Генерал Герасимов отметил особенности будущих вооруженных конфликтов, напрямую перекликающиеся с событиями в Крыму и на юго-востоке Украины. «Акцент используемых методов противоборства смещается в сторону широкого применения политических, экономических, информационных, гуманитарных и других невоенных мер, реализуемых с задействованием протестного потенциала населения. Все это дополняется военными мерами скрытого характера, в том числе реализацией мероприятий информационного противоборства и действиями сил специальных операций. К открытому применению силы зачастую под видом миротворческой деятельности и кризисного реагирования переходят только на каком-то этапе, в основном для достижения окончательного успеха в конфликте». Чем не сюжет из новейшей истории постсоветского пространства или процессов на Ближнем Востоке?
Доклад начальника российского Генштаба вплоть до начала операции в Крыму привлек внимание лишь немногих военных экспертов.
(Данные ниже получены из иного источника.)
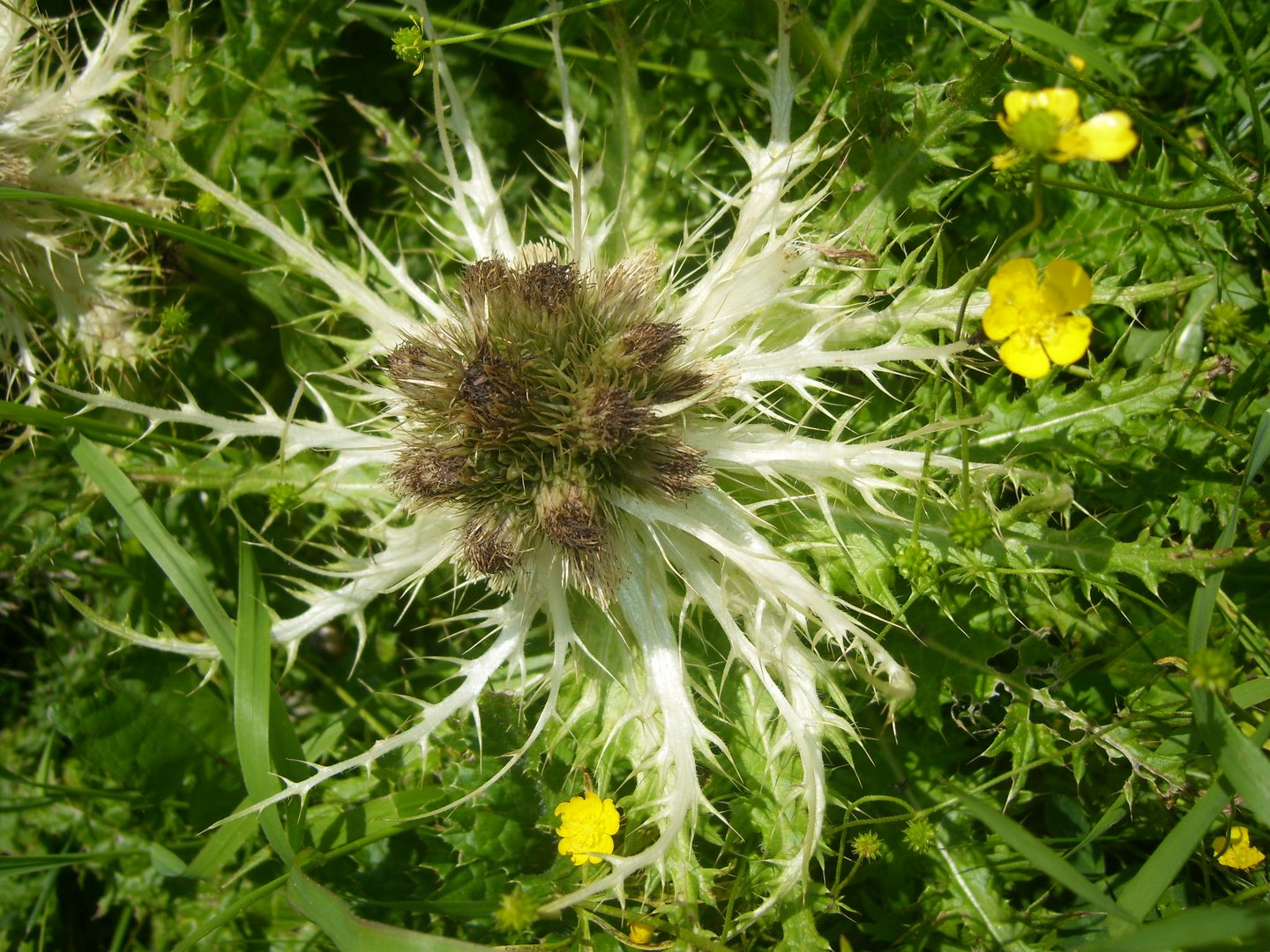 Blumenpracht in 2369m Höhe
Но после известных событий он стал широко цитироваться, особенно в западной печати, выступая удобным аргументом, позволяющим причислить украинский кризис к так называемым «гибридным войнам», сочетающим политические, экономические, информационно-пропагандистские (формально невоенные) меры с дозированными и/или скрытными действиями военного характера. Военная составляющая «гибридных войн» преимущественно реализуется силами специального назначения и элитными подразделениями или же, наоборот, иррегулярными, «квазигосударственными» или частными вооруженными формированиями.
При этом надо подчеркнуть, что концепция «гибридной» («нелинейной», «асимметричной», «неконвенциональной») войны – не изобретение генерала Герасимова или исключительно российская военная разработка. Концепция «гибридных войн» в последние годы достаточно активно разрабатывалась и на Западе, просто именно России удалось апробировать ее в таких масштабах.
Впрочем, вряд ли можно предполагать, что российский Генштаб реально готовил взятие Крыма, а тем более последующие события на юго-востоке Украины еще в феврале 2013 года. Даже если в недрах его Главного оперативного управления конвертик с надписью «Крым» действительно лежал по соседству с планом реагирования на возобновление боевых действий в Карабахе или на гипотетический кризис в Арктике. Такова специфика работы военных профессионалов. Если они хорошо знают свое дело, то пытаются приспособиться к новым видам и формам войн и вооруженных конфликтов на самых различных театрах военных действий. Однако обычно генералы готовятся к прошедшей войне. Но это в лучшем случае – в худшем лишь к парадам и бюджетным баталиям.
К примеру, готовься почти четверть века украинские генералы хотя бы к прошедшим войнам (чему их учили еще в советских военных училищах и академиях), то они все равно не нашли бы ответа на «гибридные» или асимметричные операции в Крыму или осаде Славянска весной 2014 года. Но к широкомасштабной «антитеррористической операции» (или гражданской войне, в зависимости от политических пристрастий) против пророссийских ополченцев ЛНР/ДНР украинская армия была бы готова намного лучше. Ведь примерно с конца июня, возобновившись после инаугурации Порошенко, АТО по своему характеру фактически приобрела характер классических боевых действий, т. е. того, чему хотя бы в теории учили нынешних украинских генералов или полковников в советских или уже «незалежных» военных училищах.
Украинский кризис как исключительно «гибридную войну» корректно рассматривать применительно лишь к первому этапу его военной фазы: операции в Крыму и действиям Стрелкова-Гиркина в апреле – июне на Донбассе. Далее масштабы стали другими. «Гибридная война» комбинировалась с почти рутинными войсковыми операциями и существенным даже по мировым меркам использованием бронетехники и артиллерии, хотя и с относительно небольшим вовлечением авиации.
Одна из особенностей украинского конфликта – его беспрецедентно быстрая эскалация. Буквально за несколько недель операция специального назначения российских войск в Крыму переросла, через акции гражданского неповиновения на юго-востоке Украине, в локальную полурегулярную операцию на северо-западе Донбасса (осада Славянска и окрестностей). Затем вооруженный конфликт вылился в масштабные бои между регулярной украинской армией и полупартизанскими отрядами ДНР/ЛНР. Наконец, уже в середине августа произошло практически нескрываемое вовлечение регулярных российских войск, которые силами нескольких мотострелковых и воздушно-десантных батальонных тактических групп окружили южную группировку украинских войск в Донбассе с катастрофическими для ВСУ последствиями (Иловайский котел). А это уже что-то большее, чем «гибридная война».
Во многом украинский кризис повторял специфические и концептуальные особенности развития предыдущих постсоветских конфликтов 1990-х и 2000-х годов. Однако, учитывая масштабное военно-техническое вовлечение российской армии, он стал событием глобального значения и фактически поводом для начала новой (или «квази») холодной войны.